日本と違ってロサンゼルスって雨がとても少ないの。だからたまに雨が降ると車がスリップして道路脇でひっくり返ってたりするの。私は免許がないから分からないけど、濡れた道路って運転しにくいのね。でもパパが言ってたんだけど、そういう車って大抵タイヤが古くて鏡みたいに表面がツルツルなんだって。それじゃ滑るのも当たり前だよね。
向こうにいると自分は外国人なんだなって思うことがたまにあるの。人種的にってことで。私でも感じるんだから、やっぱりものすごく根が深いのね。私の通う学校には白人も黒人、もちろんアジア人もいるんだけど、逆に日本に来たときはどうして日本人しかいないんだろうって思ったくらい。学校ではみんな仲いいよ。あの環境にいたら、肌の色とか生まれたところなんかどうでもよくなる。同じように笑うし、同じように怒るし、何も変わらない。海の向こうにいても結局は人がそれぞれの心で生きているの。その辺はみんな同じだなって思う。
僕は水平線の向こうにある人々の営みを思う。

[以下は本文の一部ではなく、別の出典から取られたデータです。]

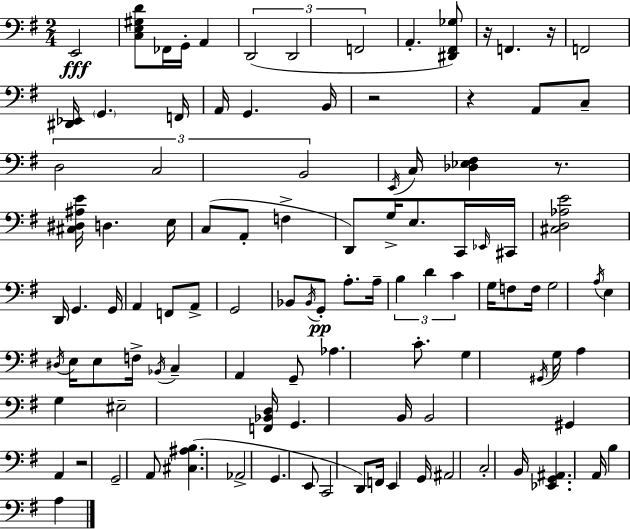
E2/h [C3,E3,G#3,D4]/e FES2/s G2/s A2/q D2/h D2/h F2/h A2/q. [D#2,F#2,Gb3]/e R/s F2/q. R/s F2/h [D#2,Eb2]/s G2/q. F2/s A2/s G2/q. B2/s R/h R/q A2/e C3/e D3/h C3/h B2/h E2/s C3/s [Db3,Eb3,F#3]/q R/e. [C#3,D#3,A#3,E4]/s D3/q. E3/s C3/e A2/e F3/q D2/e G3/s E3/e. C2/s Eb2/s C#2/s [C#3,D3,Ab3,E4]/h D2/s G2/q. G2/s A2/q F2/e A2/e G2/h Bb2/e Bb2/s G2/e A3/e. A3/s B3/q D4/q C4/q G3/s F3/e F3/s G3/h A3/s E3/q D#3/s E3/s E3/e F3/s Bb2/s C3/q A2/q G2/e Ab3/q. C4/e. G3/q G#2/s G3/s A3/q G3/q EIS3/h [F2,Bb2,D3]/s G2/q. B2/s B2/h G#2/q A2/q R/h G2/h A2/e [C#3,A#3,B3]/q. Ab2/h G2/q. E2/e C2/h D2/e F2/s E2/q G2/s A#2/h C3/h B2/s [Eb2,G2,A#2]/q. A2/s B3/q A3/q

彼女が言ったように皆が同じということがあるのだろうか。人は生まれる際に、その環境を自分で選ぶことはできない。時代や場所が大きく影響し、望むと望まざるとに拘わらず、それは自分がこの世での役割が終わるまで続く。もしもそれが運命なのだとすれば、そこに不平等さを感じずにはいられない。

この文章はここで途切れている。